7. Statistical Sampling
Both precision and recall can be measured through statistical sampling. This can reduce the number of documents reviewed while still providing a sense of how effectively the predictive workflow is working. If after substantial review of documents from within a predictive workflow, 500,000 unreviewed documents remain. A statistically randomized sample of the 500,000 reveals that less than 1% of the sample is responsive. At that point, counsel may declare the review ended and deem the corpus of remaining unreviewed documents as an unlikely source to contain discoverable evidence.
Of critical importance in statistical sampling is the sample size. A formula receives inputs of your desired confidence level (statistical certainty) and interval (margin of error in the statistical sample size) and returns a sample size statistically sufficient to achieve the confidence. The confidence levels and intervals should be tailored for maximum defensibility. Even with a confidence interval of + or - 1%, a sample size of 20,000 documents or less can be sufficient on a universe of 400,000 documents or more. However, the exigencies of high-stakes litigation and the non-uniform or intentionally biased universe of documents may require a larger sample size than what is calculated as a matter of statistical integrity.
8. Concept Clustering
Concept clustering refers to a set of tools that examines when certain words appear together in documents. The computer can generate concept clustered without any human input, finding documents that share the same combinations of words. Concept clusters can be used for smart prioritization of documents for review, and some predictive coding tools have effectively employed concept clustering at the heart of their algorithms.

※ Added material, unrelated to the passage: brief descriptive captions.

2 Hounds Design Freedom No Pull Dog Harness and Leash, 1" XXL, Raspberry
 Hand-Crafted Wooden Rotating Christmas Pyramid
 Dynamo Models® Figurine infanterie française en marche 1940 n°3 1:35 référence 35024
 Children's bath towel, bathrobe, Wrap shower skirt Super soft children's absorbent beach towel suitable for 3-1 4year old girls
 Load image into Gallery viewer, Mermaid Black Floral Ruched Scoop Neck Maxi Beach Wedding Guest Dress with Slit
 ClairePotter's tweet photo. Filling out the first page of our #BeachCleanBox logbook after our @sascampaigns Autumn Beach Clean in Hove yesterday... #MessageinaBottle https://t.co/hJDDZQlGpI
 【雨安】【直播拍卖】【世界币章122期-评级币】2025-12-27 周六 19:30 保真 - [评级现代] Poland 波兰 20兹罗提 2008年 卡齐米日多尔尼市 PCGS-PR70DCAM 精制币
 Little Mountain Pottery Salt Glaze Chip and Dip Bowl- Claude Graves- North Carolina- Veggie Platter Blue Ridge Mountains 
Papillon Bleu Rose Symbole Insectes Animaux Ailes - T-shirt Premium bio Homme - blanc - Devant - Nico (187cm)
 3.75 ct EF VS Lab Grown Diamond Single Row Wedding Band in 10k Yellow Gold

Do courts endorse predictive coding as a defensible approach to e-discovery? The answer to that question is still being worked out, but so far, both federal and state courts have generally approved the use of predictive coding technology as a means of fulfilling discovery obligations and maintaining costs proportional to the scale of the controversy. However, in the face of severe sanctions for discovery misconduct and “discovery about discovery,” you should always have a process expert track the process’s transparency and maintain a strong audit trail that will help establish a highly defensible predictive process.
10. Developments in Litigation Strategy
Keep an eye out for emerging strategic nuances in litigation strategy. For instance, a federal court recently opined that a combination of keyword search terms and predictive technology was sufficient to meet the responding party’s discovery obligations (See In re Biomet M2a Magnum Hip Implants Products Liability Litigation, No. 3:12-MD-2391 (N.D. Ind. April 18, 2013). Predictive coding is often described as a cost-saver for defendants responding to sweeping discovery requests, but in the Biomet case, it was actually the plaintiffs that were pushing for more predictive coding to be used in order to realize higher recall of responsive documents. The court found that the defendants’ review process was defensible but plaintiffs’ argument is one to watch for in the future. In the world of keyword searches, counsel could negotiate a list of words that connect directly to documents that are being produced. The list of keyword search terms was critical to defining the agreed-upon scope of discoverable evidence. When complex linguistic algorithms in predictive coding are replacing the deployment of simple keyword searches, the nature of litigation strategy in discovery will invariably be impacted.